Y efectivamente, en las vicisitudes de los héroes del pasado logró hallar consuelo, fortaleza y energía. El último capitulo del volumen, está dedicado precisamente, a esa energía cuya fuente es el pasado histórico del pueblo judío. La autora, que admite haberse criado en el seno de una familia secular y que nunca tuvo demasiada afinidad con las fuentes antiguas del judaísmo, descubrió su significado en su hora más difícil.
“En uno de esos momentos, en que el dolor me estallaba por dentro y no podía sobrellevar la idea de que mi hijo no regresaría, lo invoqué con sólo y supremo grito desesperado:¡Si algo queda todavía, házmelo saber, dame una señal!”
Tres días con sus noches deambuló con esa obsesión, hasta que a la cuarta noche, sin poder dormir, encendió la radio y escuchó un poema escrito en la Edad Media por Rabí Iehuda Halevi. El poema era una elegía por la muerte de Rabí Abraham Ibn-Ezra, poeta, matemático, filósofo, lingüista y autor de fábulas y epigramas.
Dice el poeta que las lágrimas y las penas del corazón son sólo la materia. Lo que importa es aquello que las motiva, la fuerza que existe más allá de lo material, y esa fuerza no desaparece con la muerte.
Roni se sintió conmovida por esos versos y comenzó a investigar sobre la vida Ibn-Ezra. Supo así, que su único hijo había muerto repentinamente. El afligido padre no hablaba de él y pidió asimismo a los demás que no lo mencionaran en su presencia.
“Me identifiqué totalmente con esa actitud”-cuenta la autora-“Conocía esa sensación cuando el golpe es tan duro, que el sólo hablar del fallecido se torna imposible. Sin embargo, igual como me ocurrió a mi, no hubo sumisión frente al dolor. Ibn-Ezra decía que si claudicaba ante el dolor, no dejaría de atormentarse y no podría retornar a la vida. Por eso hizo de todo para seguir viviendo: Escribió, investigó y se permitió bromear.

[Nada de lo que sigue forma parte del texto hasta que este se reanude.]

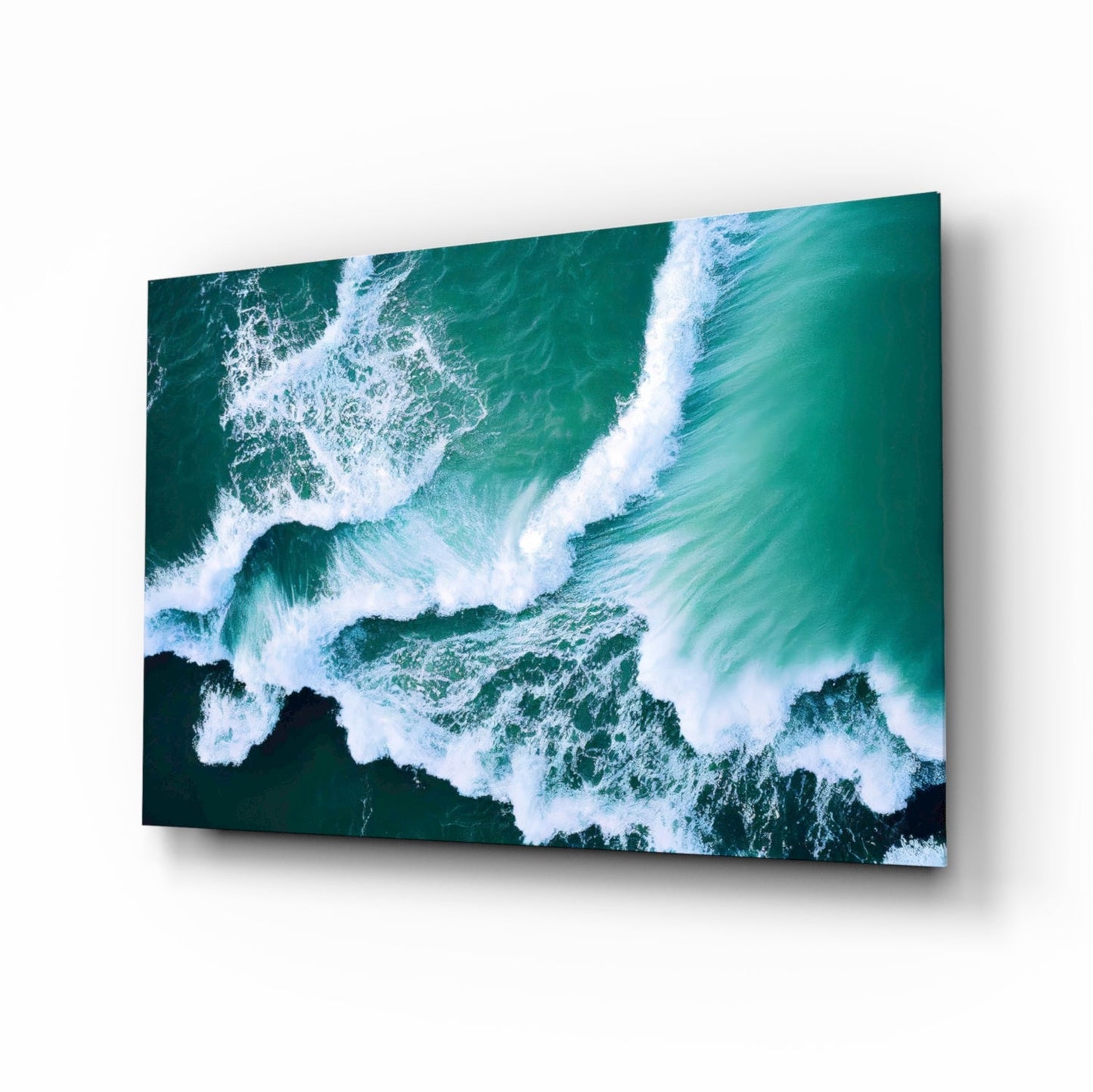 Ocean waves glass wall art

Y eso fue lo que terminó de persuadirme; empecé a valorar el inmenso caudal de energía a lo largo de generaciones.”
“Nuestro pasado” – manifiesta la escritora -, “Está vivo y es sorprendentemente actual. Sin él no tenemos ninguna defensa frente a las dificultades del presente y lo que nos depara el futuro. La fuerza que nos legaron nuestros antecesores, los que siguieron marchando por la dura senda de la vida, pese a las desgracias y las crisis, es lo que nos ayuda a sobrevivir en los confines del dolor.”

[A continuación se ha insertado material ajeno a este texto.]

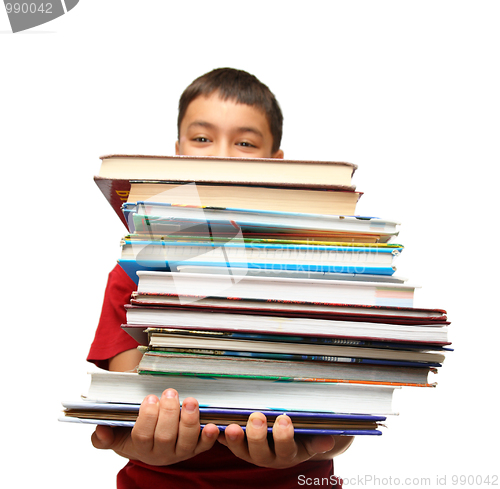 Image of asian boy with stack of books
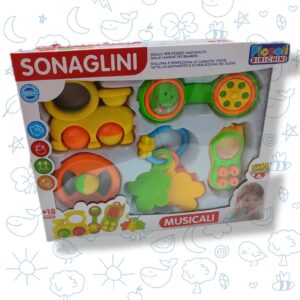 Baby rattles of different shapes. Set with 5 pieces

“Cuando pude levantarme del duro suelo de la tierra del dolor, advertí que yo estaba tan sólo en extremo de la superficie. Más adelante había un vastísimo territorio, y en él un enorme gentío. Multitudes, multitudes; todos los miembros de la hermandad del dolor. Todos aquellos que no se dieron por vencidos y siguieron viviendo. Sabía que tenía que llegar hasta ellos. Me incorporé y empecé a caminar. Emprendí el viaje hacia las fuentes de la fortaleza y el vigor”.
¡Un libro cautivante, que nos estimula a la reflexión!